EXERCISE INPUTS below:
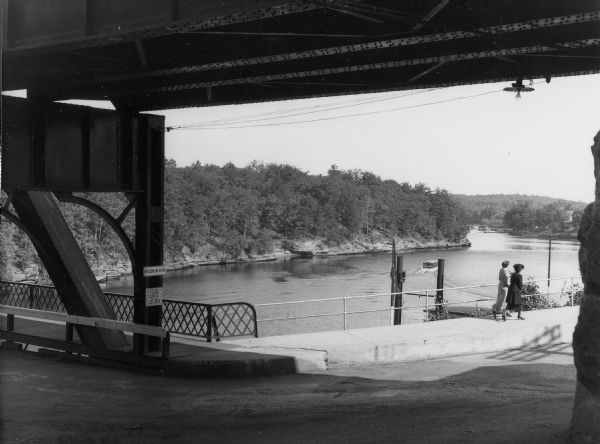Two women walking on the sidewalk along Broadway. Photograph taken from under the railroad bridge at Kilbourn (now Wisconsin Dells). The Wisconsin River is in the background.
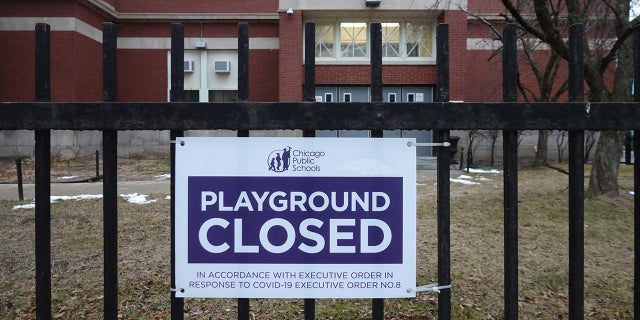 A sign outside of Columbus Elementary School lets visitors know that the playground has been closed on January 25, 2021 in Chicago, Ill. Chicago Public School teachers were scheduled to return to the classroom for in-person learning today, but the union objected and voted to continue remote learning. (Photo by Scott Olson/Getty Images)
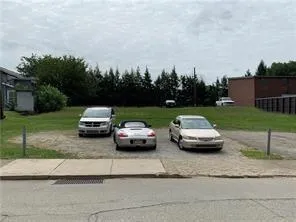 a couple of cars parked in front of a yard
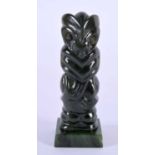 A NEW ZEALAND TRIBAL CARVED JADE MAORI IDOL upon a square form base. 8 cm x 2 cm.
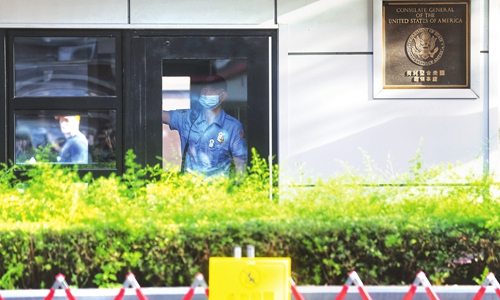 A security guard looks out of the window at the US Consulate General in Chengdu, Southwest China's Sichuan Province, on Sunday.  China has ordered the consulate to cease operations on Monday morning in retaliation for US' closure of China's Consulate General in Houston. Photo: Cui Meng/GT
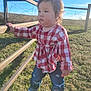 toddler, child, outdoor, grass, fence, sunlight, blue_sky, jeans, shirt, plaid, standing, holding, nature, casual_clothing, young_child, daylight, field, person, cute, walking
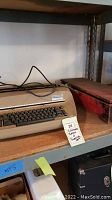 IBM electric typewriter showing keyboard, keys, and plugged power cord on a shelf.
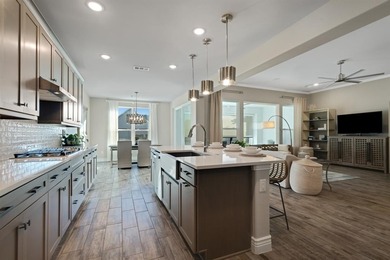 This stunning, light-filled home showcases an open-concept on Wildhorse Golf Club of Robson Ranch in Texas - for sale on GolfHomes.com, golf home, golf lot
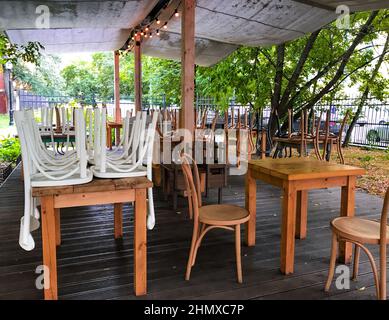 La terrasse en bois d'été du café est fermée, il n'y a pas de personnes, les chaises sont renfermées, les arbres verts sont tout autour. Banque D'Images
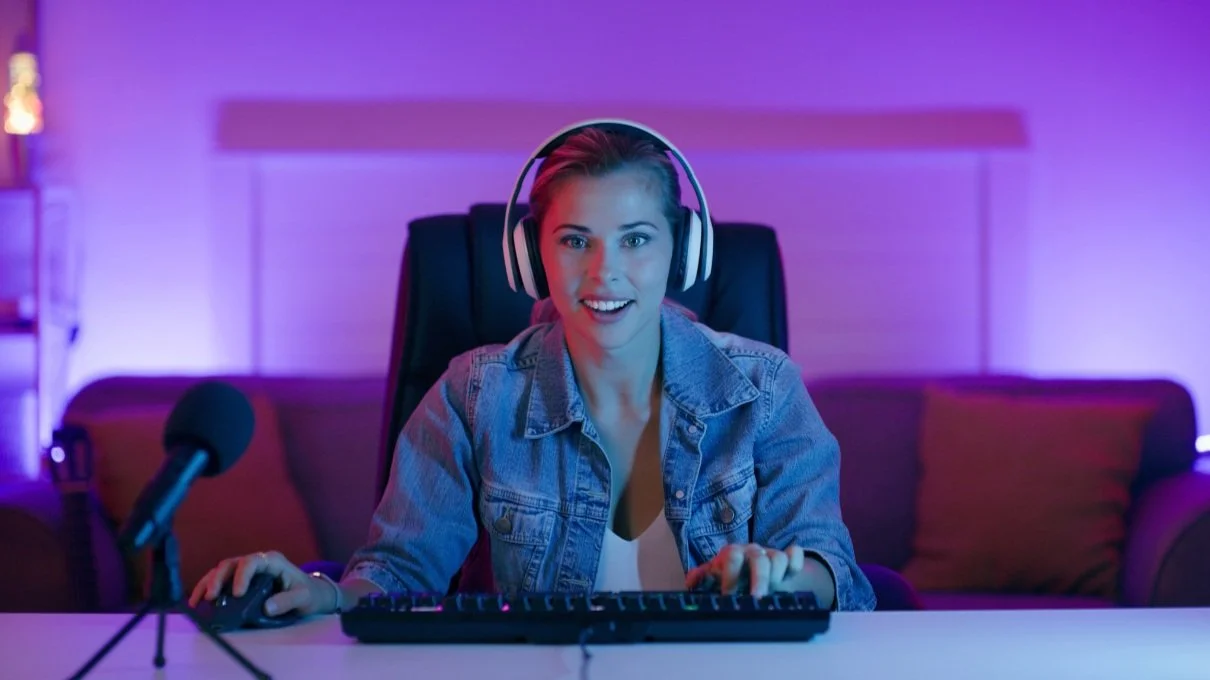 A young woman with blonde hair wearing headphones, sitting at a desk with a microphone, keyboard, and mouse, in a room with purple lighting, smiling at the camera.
End of EXERCISE INPUTS.
# WHAT YOU WILL DO
Your copy must reproduce the entries above in full, without their pictures.

# RESPONSE
Two women walking on the sidewalk along Broadway. Photograph taken from under the railroad bridge at Kilbourn (now Wisconsin Dells). The Wisconsin River is in the background.
 A sign outside of Columbus Elementary School lets visitors know that the playground has been closed on January 25, 2021 in Chicago, Ill. Chicago Public School teachers were scheduled to return to the classroom for in-person learning today, but the union objected and voted to continue remote learning. (Photo by Scott Olson/Getty Images)
 a couple of cars parked in front of a yard
 A NEW ZEALAND TRIBAL CARVED JADE MAORI IDOL upon a square form base. 8 cm x 2 cm.
 A security guard looks out of the window at the US Consulate General in Chengdu, Southwest China's Sichuan Province, on Sunday.  China has ordered the consulate to cease operations on Monday morning in retaliation for US' closure of China's Consulate General in Houston. Photo: Cui Meng/GT
 toddler, child, outdoor, grass, fence, sunlight, blue_sky, jeans, shirt, plaid, standing, holding, nature, casual_clothing, young_child, daylight, field, person, cute, walking
 IBM electric typewriter showing keyboard, keys, and plugged power cord on a shelf.
 This stunning, light-filled home showcases an open-concept on Wildhorse Golf Club of Robson Ranch in Texas - for sale on GolfHomes.com, golf home, golf lot
 La terrasse en bois d'été du café est fermée, il n'y a pas de personnes, les chaises sont renfermées, les arbres verts sont tout autour. Banque D'Images
 A young woman with blonde hair wearing headphones, sitting at a desk with a microphone, keyboard, and mouse, in a room with purple lighting, smiling at the camera.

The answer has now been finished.